The Test tab allows you to do
hypothesis testing and correlation analysis. RStat supports two
types of statistical inferences, estimation and hypothesis testing.
-
Estimation. Also
referred to as predictive modeling, is the process of deriving expected
and predicted values from observations. Decision trees, regression,
and the other algorithms on the Model tab are used to generate estimates. For
example, you can estimate whether a prospect is a good target for
a particular marketing campaign or you can estimate the expected
sales revenues for different stores in order to determine whether
store layout and product mix has impact on sales.
-
Hypothesis Testing. Gives
you a way of using samples to test whether or not statistical claims
are likely to be true. For example, drug A is more effective than drug
B, male customers spend less than female customers, the response
rate to offer A is better than that of offer B, machine A produces
more defects than machine B, individual expense reports from the
southern region are greater than those from the western region,
and so on.
Use Case for Hypothesis Testing
Analysts may want to determine if a marketing campaign is successful.

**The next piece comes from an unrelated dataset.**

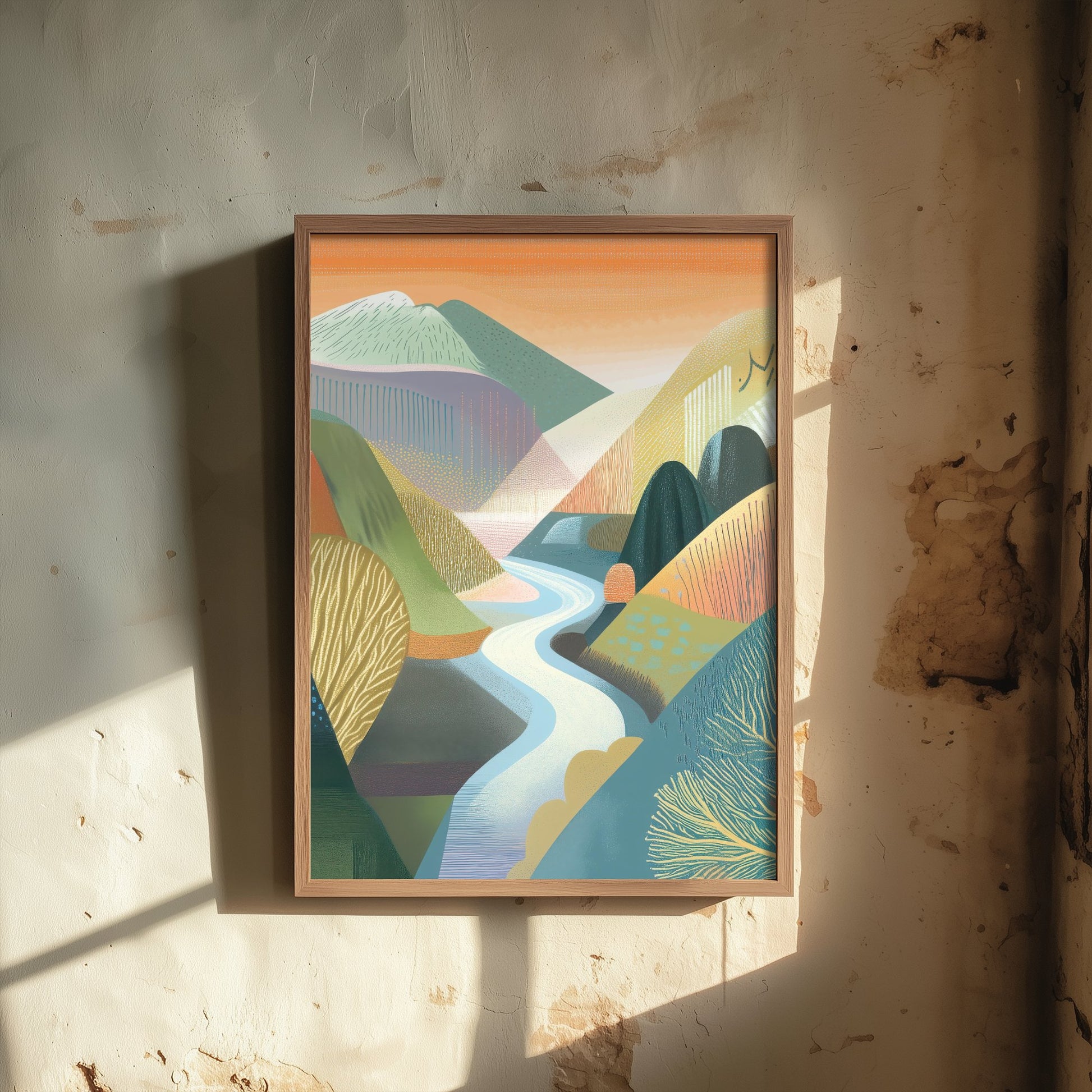 Graphic Landscape Art Print - Orange Sunset Valley Poster - Folk Countryside Illustration - Winding River V4 2/3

They design a test group, which receives an offer, and a control
group, which does not. The spending of both groups is tracked in
the database. The hypothesis test will determine if the two groups differ
significantly in their spending patterns.
Why test? In this example, analysts want to find out if the test
group spends more. If the test group spends the same as the control
group, they will assume that the campaign is not successful. Rarely
are the expenditures of the two groups identical, so the question arises,
how different must the expenditures be in order to determine if
the campaign has an effect? The test statistics indicate whether
the differences are statistically significant.

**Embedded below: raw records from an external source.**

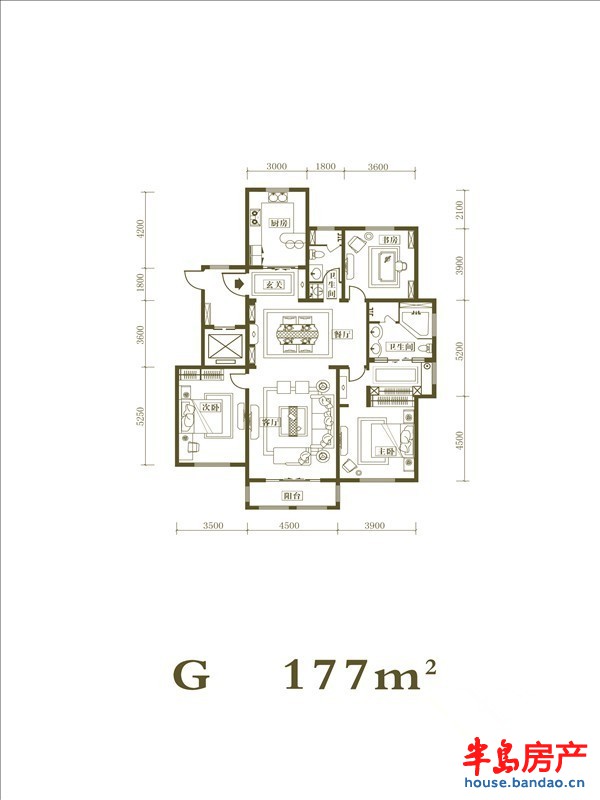 青岛印象山户型图2室2厅2卫1厨 177.00㎡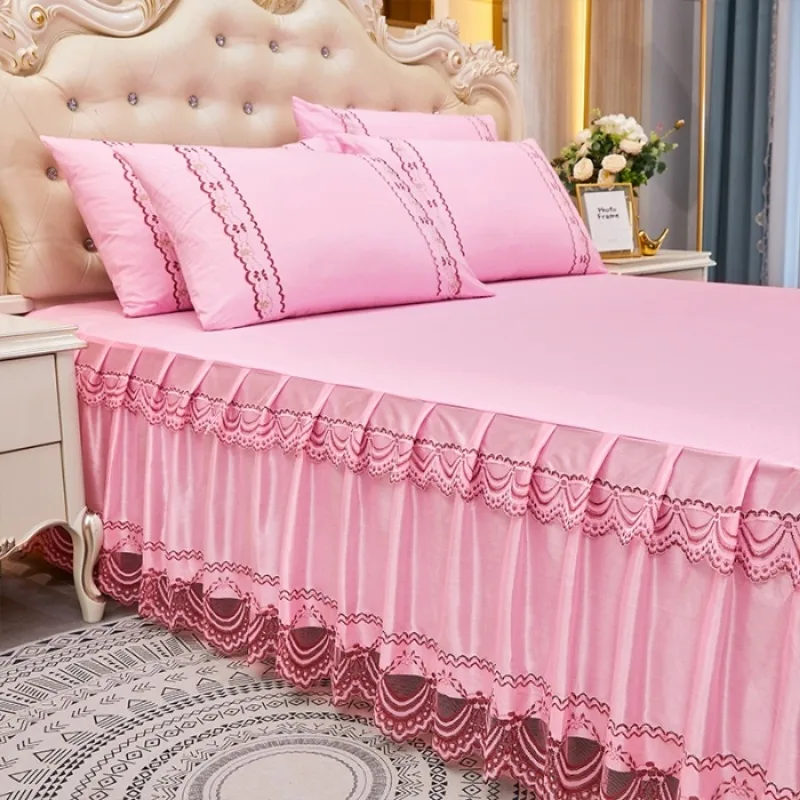 1 piece of lace bed skirt polyester material bed sheet machine washable mattress protection cover brushed and embossed bed sheet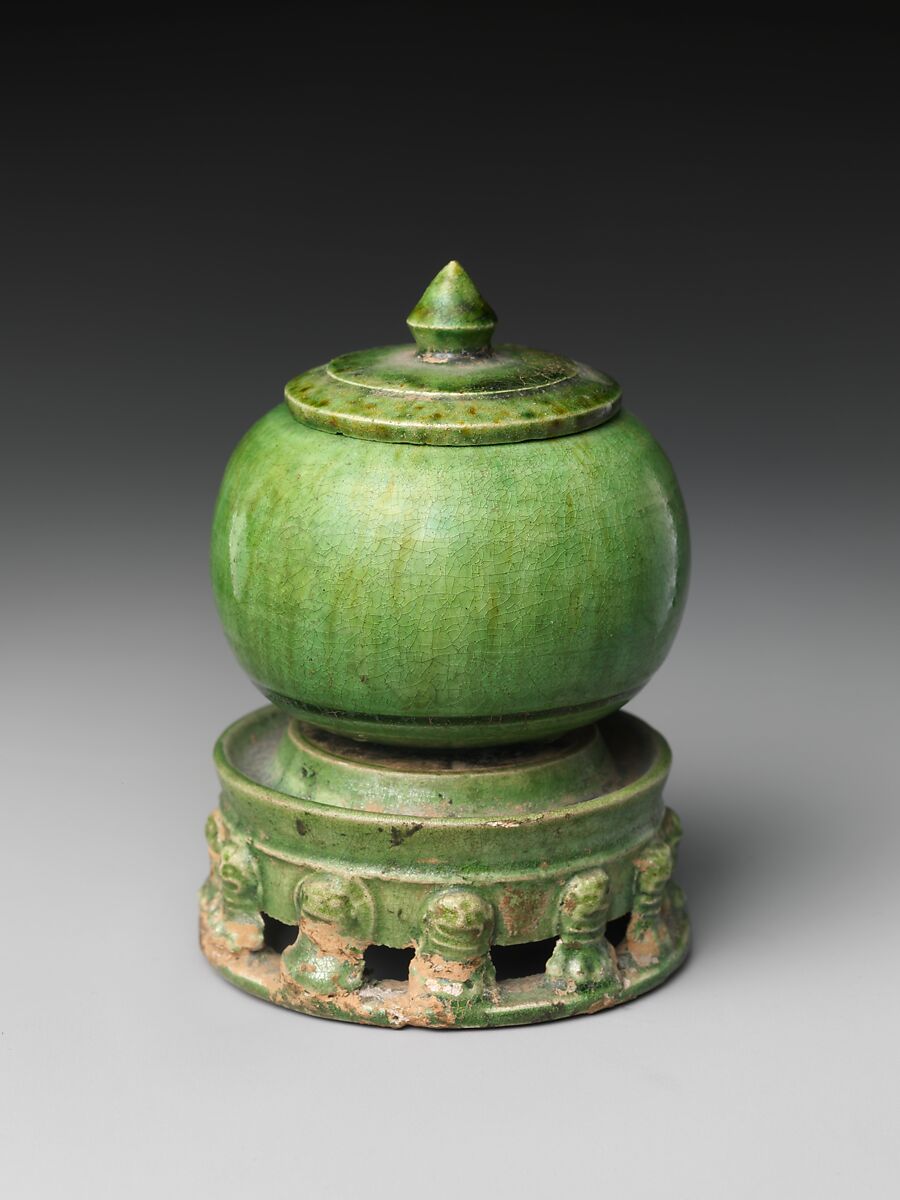 Miniature covered jar and “inkstone”, Earthenware with green glaze, China 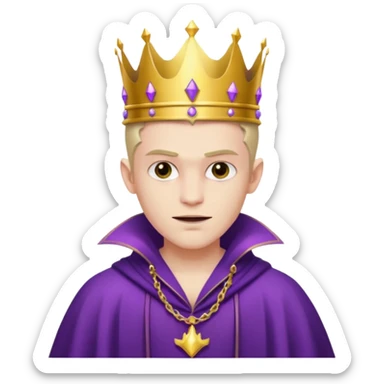 Vampire King, Young vampire king in purple robe, wearing a crown, confident smirk. sticker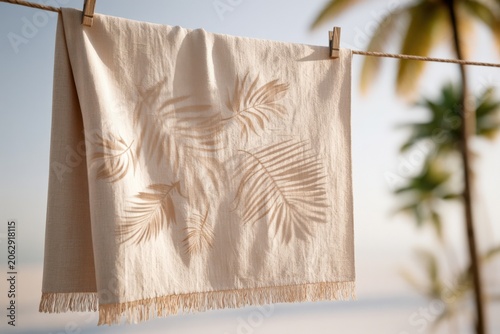Natural beige beach towel hanging outdoors with tropical palm shadows and coastal atmosphere. Summer vacation concept with soft sunlight and organic textures.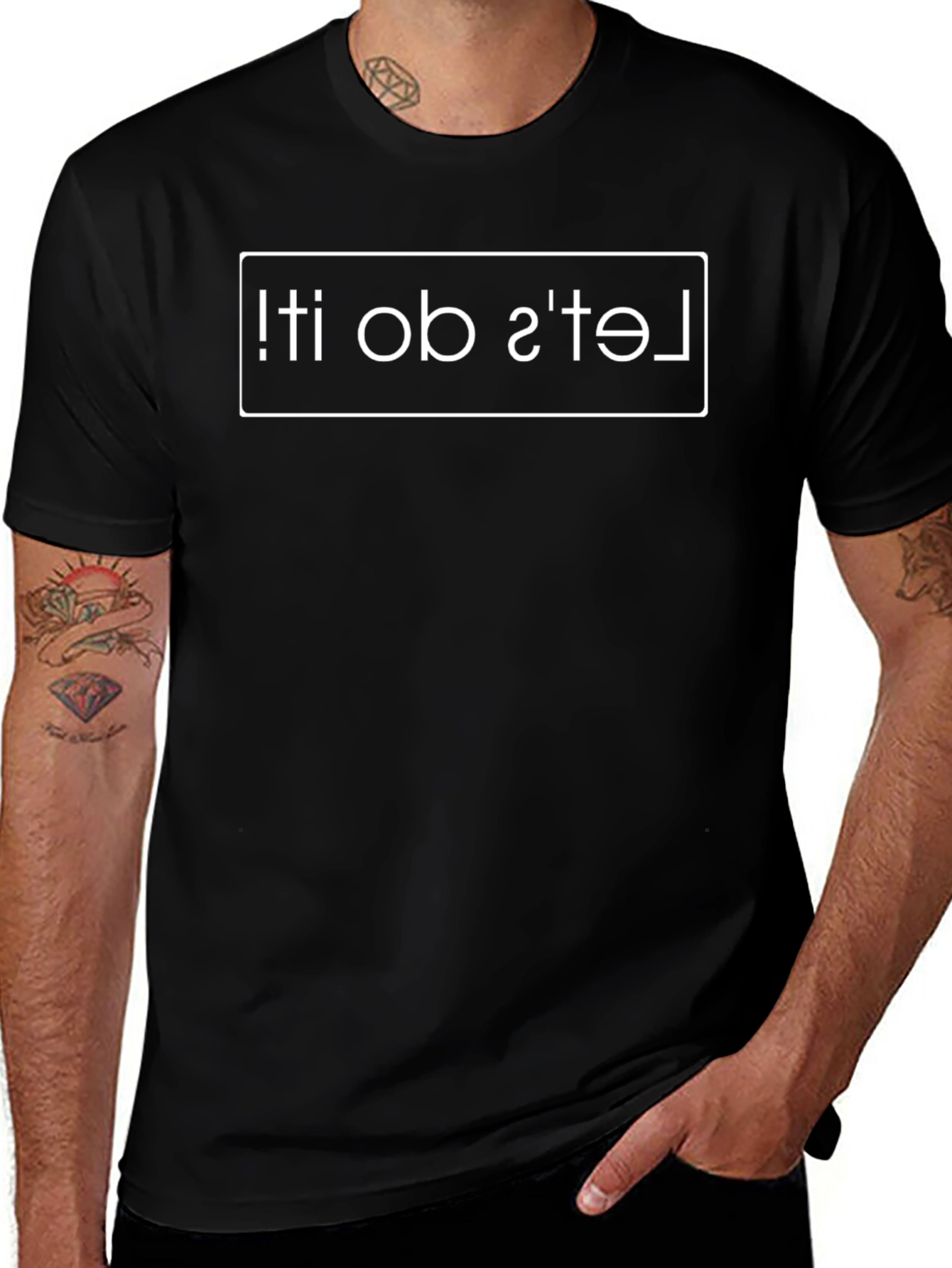 Retro Lets Go Inverted Graphic Black T-Shirt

An image of the Test tab follows. Samples for testing can be
selected in one of two ways.
Note: The drop-down boxes can contain only numeric variables.

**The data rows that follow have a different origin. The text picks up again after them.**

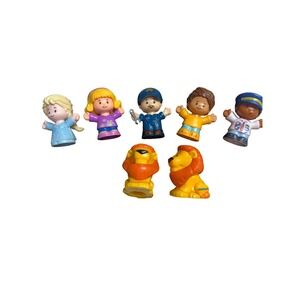 Fisher-Price Little People Figure Lot Elsa Frozen Lions Mechanic Pilot 7pc Set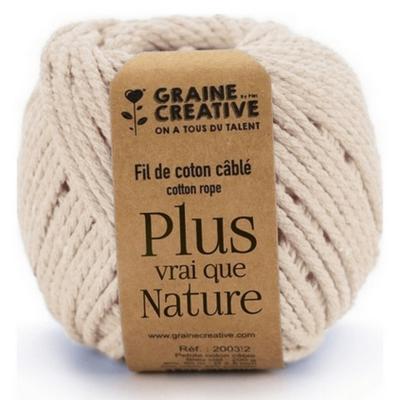 Pelote Coton Cablé Ecru Naturel Ø2.5mm 80m 200g Graine créative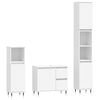 vidaXL Ensemble de meubles salle de bain 3 pcs blanc bois d'ing&eacute;nierie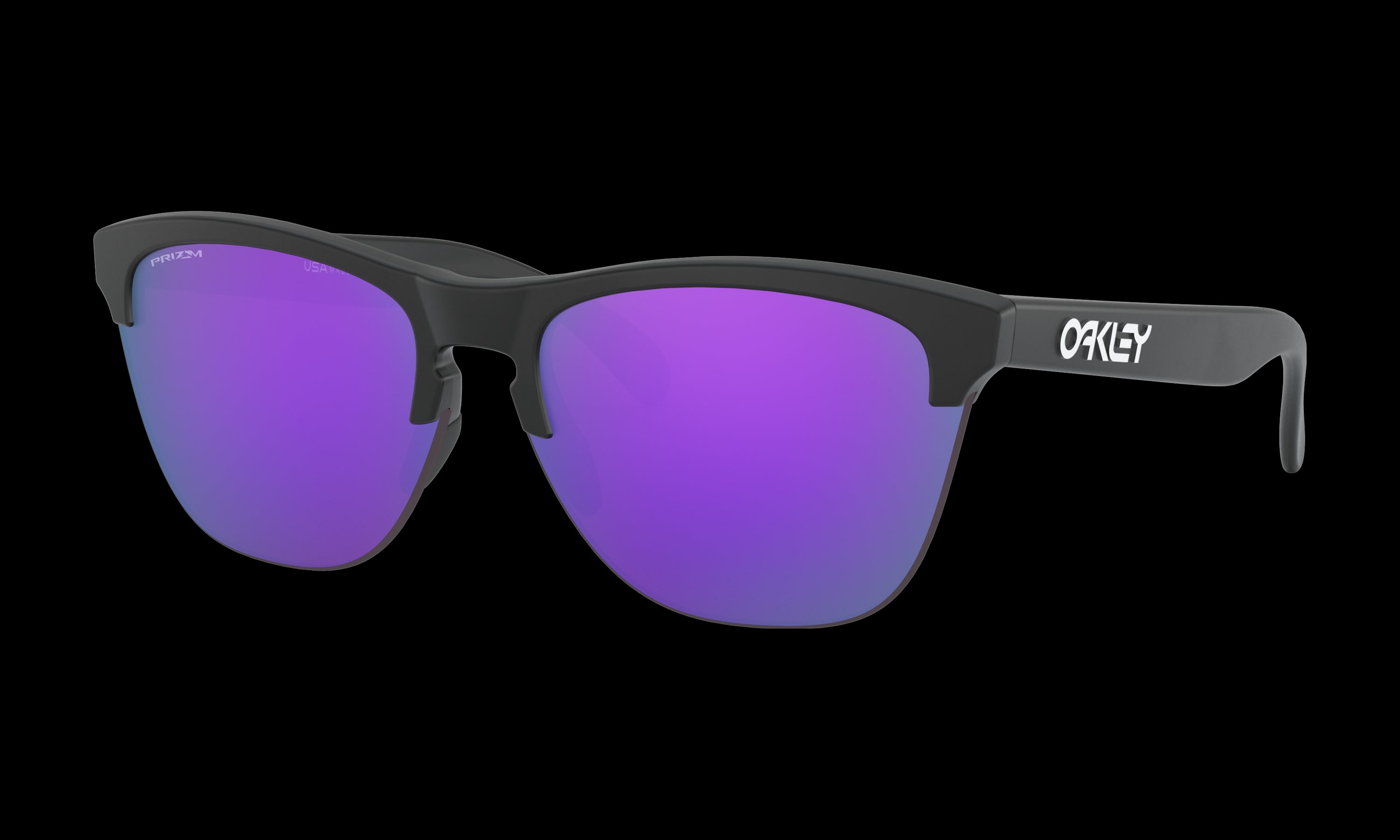 Men's Oakley Frogskins Lite Sunglasses in Matte Black Prizm Violet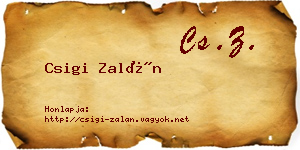 Csigi Zalán névjegykártya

The following image shows an example of using a T-test to identify
two samples, people with good credit and people with bad credit,
and whether their income differs significantly between the two groups.
The types of tests included are:
Parametric Test. These
tests make strong assumptions that the underlying distribution is
normal, for example, having a bell-shaped curve.
-
T-test. Is
the most commonly used test to determine whether the means of two
normally distributed samples are of equal sizes. The mean is a measure of
the location of the distribution. If the two populations are normal
(bell shaped) and their means are different, then the two bell shapes
will be offset from one another, indicating that the two samples
are different. If the means are equal, the bell shapes will overlap.
-
F-test. Is
used to determine if the standard deviations of two samples are
the same. If the standard deviations are not the same, the bell-shaped
curves will be different for the two samples. If the samples have
the same standard deviations, then a T-test can be conducted to
test if the means are equal. The test is also referred to as a test
on the variance of two samples and is used in analysis of variance (ANOVA).
Non-Parametric Test. These tests make no assumptions that
the underlying distribution is normal. They are suitable for many
types of data that do not follow the normal distribution, for example,
ranked and cross-tabulated data.
-
Kolmogorov-Smirnov. The
test compares the two distributions by being sensitive to both the
location (mean, median, mode) and the shape (spread) of the distribution.
-
Wilcoxon Rank-Sum. This
test, also known as the Mann-Whitney-Wilcoxon test, is analogous
to the two-sample T-test, but is performed on the rankings of the
combined data sets instead of on the actual measure. If the observation
rankings are not different, then the samples are not different.
Because it is performed on the rankings, it is more sensitive about
the location of the distribution, that is, to the median (not the
mean as in the T-test).
-
Wilcoxon Signed Rank. This
test differs from all the above because it is used on two related
samples, such as matched pairs, before and after tests, and repeated
measurements on the same individuals.
Correlation Analysis. Determines if there is a linear
relationship between two variables. It also measures the strength
and direction of the relationship. Correlation analysis does not
test whether two samples are different.
-
Correlation Test. Tests
for the existence of a linear relationship between the two variables.
Only the Pearson correlation test is performed in the Test tab.